Il Nucleo tecnico per il coordinamento della politica economica
Nucleo tecnico per il coordinamento della politica economica, quanti liberisti nella voluta da Draghi
Ha creato una polemica la decisione del Premier Mario Draghi di nominare come componenti del “Nucleo tecnico per il coordinamento della politica economica” di Palazzo Chigi alcuni economisti di rigida scuola liberista. Naturalmente, si tratta di designazioni che spettano esclusivamente al Premier, trattandosi di una struttura “servente” le decisioni che, del pari, sono solo del Premier medesimo. Tuttavia, in tema di nomine pubbliche, quale che siano le attribuzioni dei nominandi, non sarebbe un fuor d’opera coinvolgere, almeno sul piano informativo, i partner della coalizione di Governo.
Ciò vale, a maggior ragione, per le designazioni ai vertici di imprese ed enti pubblici che stanno avvenendo senza la previa indicazione di criteri, requisiti e vincoli, oggettivi e trasparenti, e senza che comunque il Premier, almeno nel discorso per la fiducia, abbia esposto al Parlamento quale linea intenda seguire in via generale su questo argomento, classico campo della lottizzazione partitica e dell’infeudamento dei manager. Un tema riconducibile a quello dei caratteri dell’intervento pubblico in economia, anch’esso eluso finora da Draghi.

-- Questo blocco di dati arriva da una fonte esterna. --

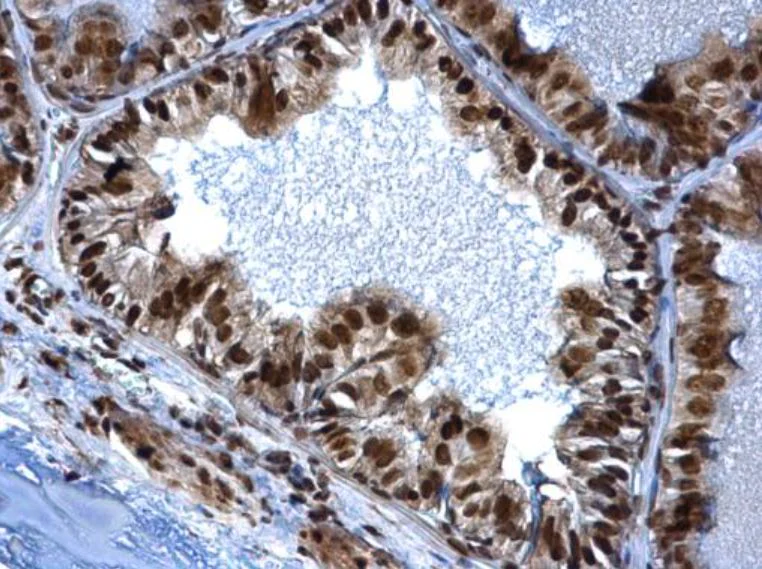 Immunohistochemistry (Formalin/PFA-fixed paraffin-embedded sections) - Anti-SMARCC1/BAF155 antibody (AB126180)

Ma, per tornare alle nomine dei predetti “liberisti” – almeno così definiti dalle cronache – non può destare scandalo che in un Nucleo tecnico esistano un pluralismo e una produttiva dialettica. “Si licet parva componere magnis”, l’allora Governatore Antonio Fazio ricordava che, studente negli Usa, aveva spesso ascoltato da Paul Samuelson, un grande economista poi insignito del premio Nobel, che si collocava su un versante, l’invito ad ascoltare anche Milton Friedman, anch’egli premio Nobel, ma di opposto orientamento. Naturalmente, la valutazione delle elaborazioni del “Nucleo” spetta a Draghi, che si potrà avvalere delle proposte del Tesoro, della Banca d’Italia, dell’Istat e degli altri centri di ricerca, oltre a ciò che gli perverrà formalmente dai circuiti istituzionali.
In tale valutazione il Premier farà leva sulla sua indiscussa competenza in materia economica e finanziaria. Ma non potrà dimenticare che onore e vanto è stato il ricordo, spesso ripetuto, di essersi formato alla scuola di Federico Caffè che certamente era distante mille miglia da una visione liberista. I Maestri vanno ricordati anche “per facta concludentia”, non solo per quanto hanno scritto; non sono un fiore all’occhiello. A maggior ragione, quando si tratta di una personalità quale era Caffè, la cui vita, esemplare, era una stretta coerenza tra il pensare e l’agire. Doveroso pluralismo, sì, ma altrettanto doverosa una sintesi netta, sicura, per nulla eclettica.